EXERCISE DATA

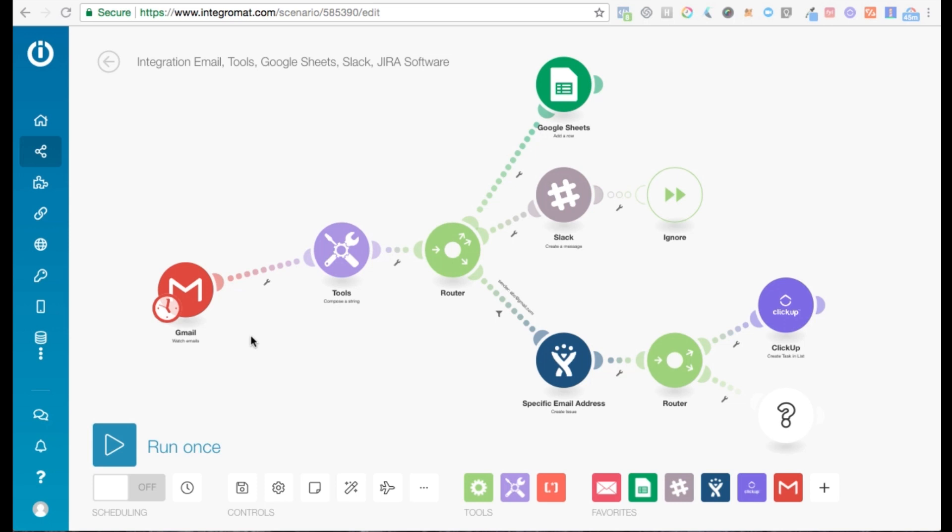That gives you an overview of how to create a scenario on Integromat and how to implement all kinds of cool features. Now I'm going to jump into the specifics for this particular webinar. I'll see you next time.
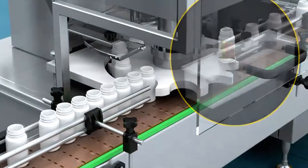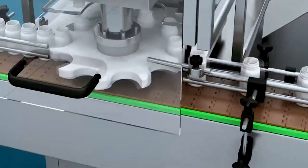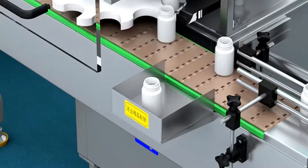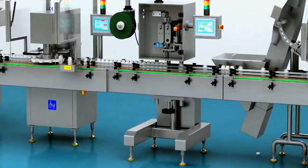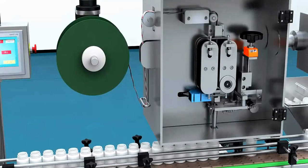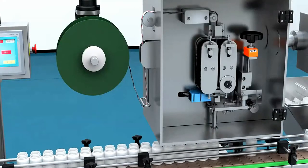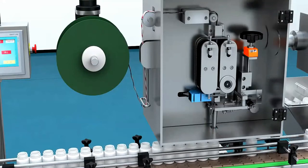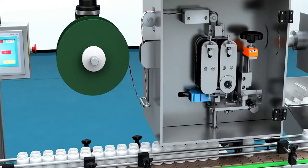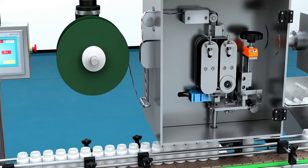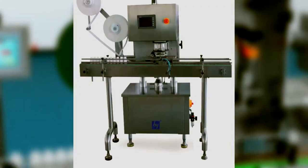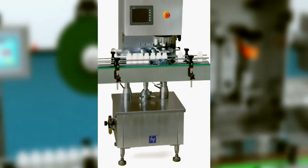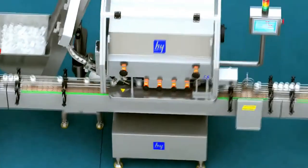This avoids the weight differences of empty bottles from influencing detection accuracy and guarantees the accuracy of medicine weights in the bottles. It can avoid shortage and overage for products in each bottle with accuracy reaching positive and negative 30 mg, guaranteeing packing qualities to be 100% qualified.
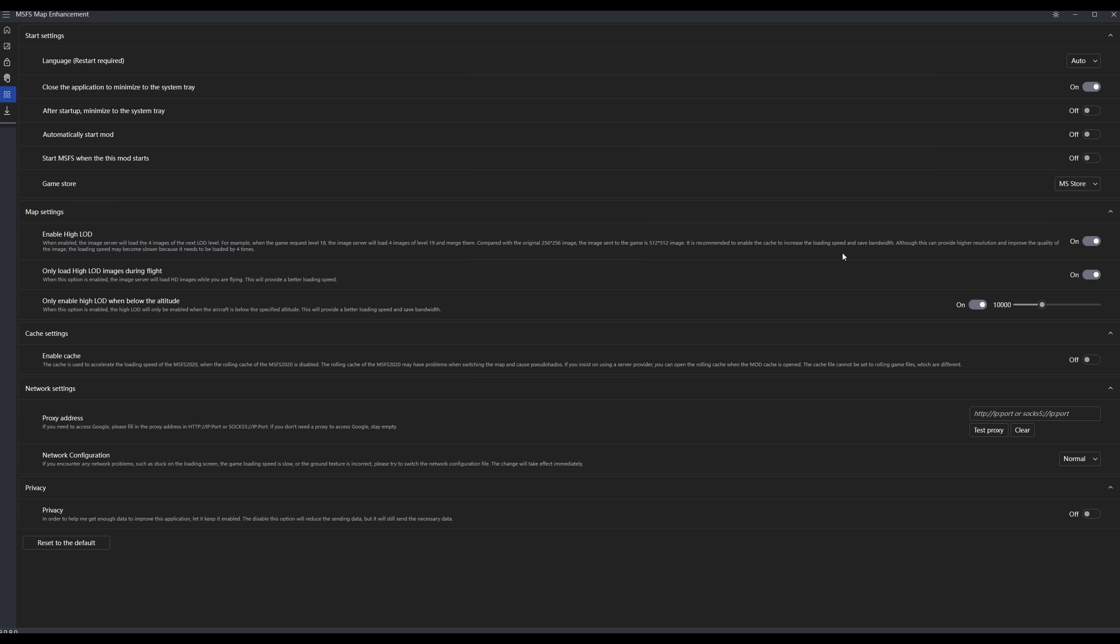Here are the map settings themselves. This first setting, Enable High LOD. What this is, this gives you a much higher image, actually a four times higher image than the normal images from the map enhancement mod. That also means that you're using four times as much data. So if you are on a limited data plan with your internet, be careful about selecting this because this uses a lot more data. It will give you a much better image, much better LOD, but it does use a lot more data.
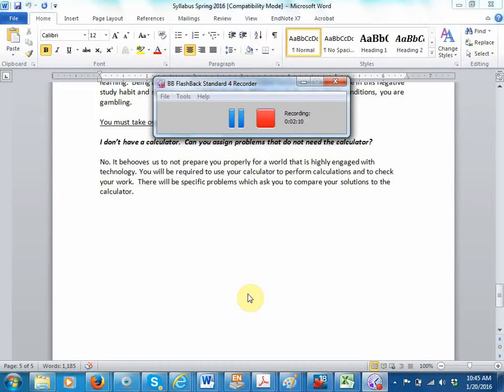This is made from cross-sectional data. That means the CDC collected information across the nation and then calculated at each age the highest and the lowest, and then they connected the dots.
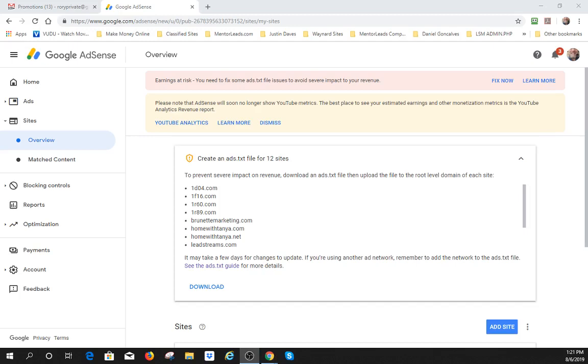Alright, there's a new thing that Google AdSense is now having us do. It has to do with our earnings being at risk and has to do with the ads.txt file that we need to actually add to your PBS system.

...

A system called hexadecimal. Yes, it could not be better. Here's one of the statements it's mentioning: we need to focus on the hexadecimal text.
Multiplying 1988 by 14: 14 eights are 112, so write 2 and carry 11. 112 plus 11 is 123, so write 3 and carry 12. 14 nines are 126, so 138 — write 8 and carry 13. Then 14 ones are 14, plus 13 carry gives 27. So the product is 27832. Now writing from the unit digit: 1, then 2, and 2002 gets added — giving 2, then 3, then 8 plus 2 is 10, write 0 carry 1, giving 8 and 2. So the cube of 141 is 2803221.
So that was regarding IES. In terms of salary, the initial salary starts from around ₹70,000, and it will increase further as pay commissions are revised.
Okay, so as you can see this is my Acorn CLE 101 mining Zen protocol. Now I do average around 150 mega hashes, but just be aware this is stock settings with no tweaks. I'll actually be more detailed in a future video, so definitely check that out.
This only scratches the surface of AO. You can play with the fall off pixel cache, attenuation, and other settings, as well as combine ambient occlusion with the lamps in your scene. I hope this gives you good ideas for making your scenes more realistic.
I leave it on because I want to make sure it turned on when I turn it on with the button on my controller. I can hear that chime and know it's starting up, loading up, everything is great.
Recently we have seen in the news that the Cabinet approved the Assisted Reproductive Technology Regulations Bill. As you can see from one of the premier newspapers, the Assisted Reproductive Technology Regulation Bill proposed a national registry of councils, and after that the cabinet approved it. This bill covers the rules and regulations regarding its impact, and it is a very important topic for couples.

INSTRUCTIONS FOR THE TASK
Among the entries above, find the line with "Okay, so as" and the line with "Recently we have"; give again exactly these two lines and all lines between them.

RESULT
Okay, so as you can see this is my Acorn CLE 101 mining Zen protocol. Now I do average around 150 mega hashes, but just be aware this is stock settings with no tweaks. I'll actually be more detailed in a future video, so definitely check that out.
This only scratches the surface of AO. You can play with the fall off pixel cache, attenuation, and other settings, as well as combine ambient occlusion with the lamps in your scene. I hope this gives you good ideas for making your scenes more realistic.
I leave it on because I want to make sure it turned on when I turn it on with the button on my controller. I can hear that chime and know it's starting up, loading up, everything is great.
Recently we have seen in the news that the Cabinet approved the Assisted Reproductive Technology Regulations Bill. As you can see from one of the premier newspapers, the Assisted Reproductive Technology Regulation Bill proposed a national registry of councils, and after that the cabinet approved it. This bill covers the rules and regulations regarding its impact, and it is a very important topic for couples.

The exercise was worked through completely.